[TASK DIRECTIONS]
Begin at the line containing "RCT019NAA Черная монохромная" and restate it and each line after it exactly, up to and including the last line below. Leave pictures out.

[SOURCE MATERIAL]

= = = = = = =

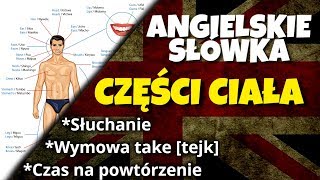 Części ciała po angielsku [upl. by Anna]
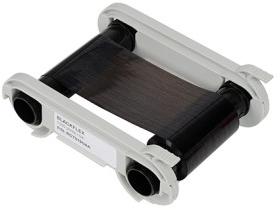 RCT019NAA Черная монохромная лента для отпечатков АБС и отпечатков со специальным покрытием для Evolis Zenius и Primacy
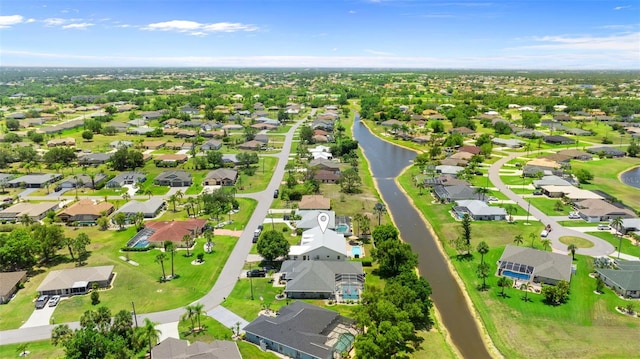 425 Corrientes Cir, Punta Gorda, FL 33983 - aerial view of residential area featuring a nearby body of water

= = = = = = =

[ANSWER BOX]
 RCT019NAA Черная монохромная лента для отпечатков АБС и отпечатков со специальным покрытием для Evolis Zenius и Primacy
 425 Corrientes Cir, Punta Gorda, FL 33983 - aerial view of residential area featuring a nearby body of water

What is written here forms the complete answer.